Mayor Brian Bowman said he hasn’t had a chance to get briefed on the preliminary results of the 2018 Winnipeg Street Census but said he will be reaching out to other government officials and homeless stakeholders.
Bowman said he will reach out to Families Minister Scott Fielding and End Homelessness Winnipeg, an organization the city created and funded under Bowman’s watch with the help of the United Way.
Bowman said the organization was given unconditional funding not contingent on provincial or federal funding.
“It’s such a tremendous need in our community to do a better job on trying to mitigate the occurrences of homelessness,” Bowman said. “There’s just too many Winnipeggers, too many Canadians who are affected by homelessness.”
Bowman said the meeting with Fielding and EHW to see how they can play a collaborative role in better supporting and co-ordinating all of our efforts.
“More needs to be done… but clearly, there’s a greater need for all three levels of government and third parties to do better,” Bowman said.
EPC requested a report on what city hall has done to address poverty in the city and has asked for a report in 180 days.
Collective bargaining takes penultimate step
The Executive Policy Committee has endorsed a new collective bargaining agreement between the city and the Manitoba Government & General Employees’ Union, The Paramedics of Winnipeg, Local 911
The new deal would be a four-year pact that would see yearly wage increases of 2% dating back to Feb. 19, 2017 through to the end of February in 2021.

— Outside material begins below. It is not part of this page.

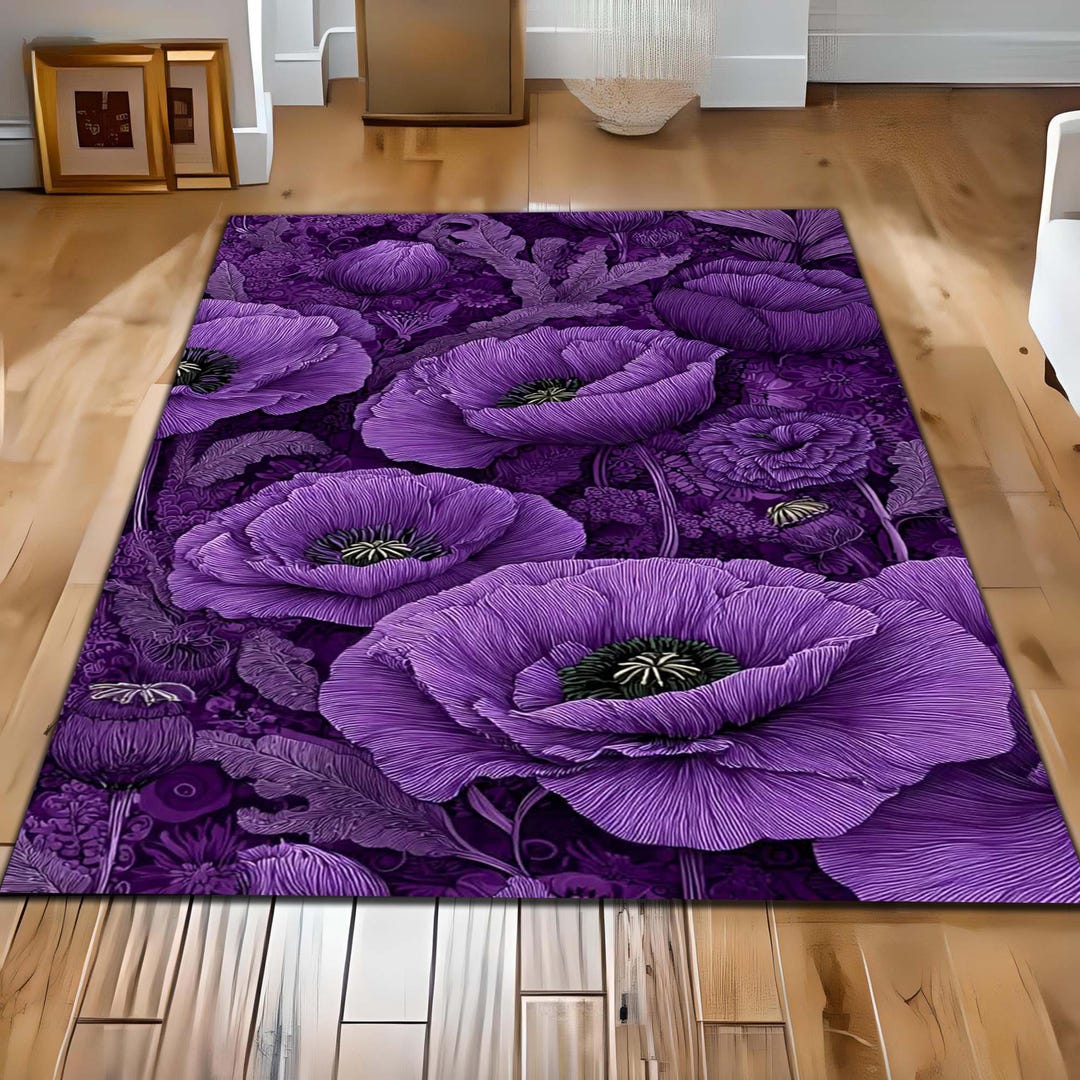 Purple Baroque Rose Rug: Elegant Floral Carpet, Vintage Botanical ...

The union had been without a deal since Feb. 18 of last year. The new agreement will cost the city $3.444 million over the life of the deal.

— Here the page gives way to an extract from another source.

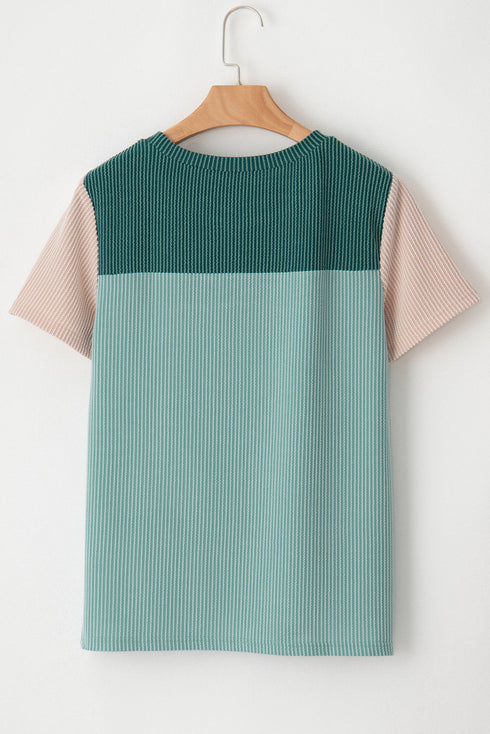 Rib Textured Colorblock T Shirt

Other changes would include a 25 cent increased night shift premiums for hours worked between 7 p.m. and 7 a.m., a one-hour reduction in minimum overtime pay (four hours to three hours) when members attend court as a witness and emphasis on on-duty training and reduction in the minimum pay when members attend training while off-duty (six hours to three hours at time and a half).
The new deal now needs approval from council.
Bowman said moving to multi-year budgets would be more difficult to concoct, but said it would compel council to look operating and capital expenditures, and revenues, four years out.
Coun. Scott Gillingham told EPC on Wednesday that he feels multi-year budgets are best practice for the city, but fellow Coun. Brian Mayes argued that if a multi-year budget can be changed from year-to-year to address unforeseen changes, then why have it at all.
Mayes voted against the motion.
Bowman said, in a nutshell, it allows people to plan better over a longer period of time. Bowman’s chief concern would be alignment, particularly from the provincial government.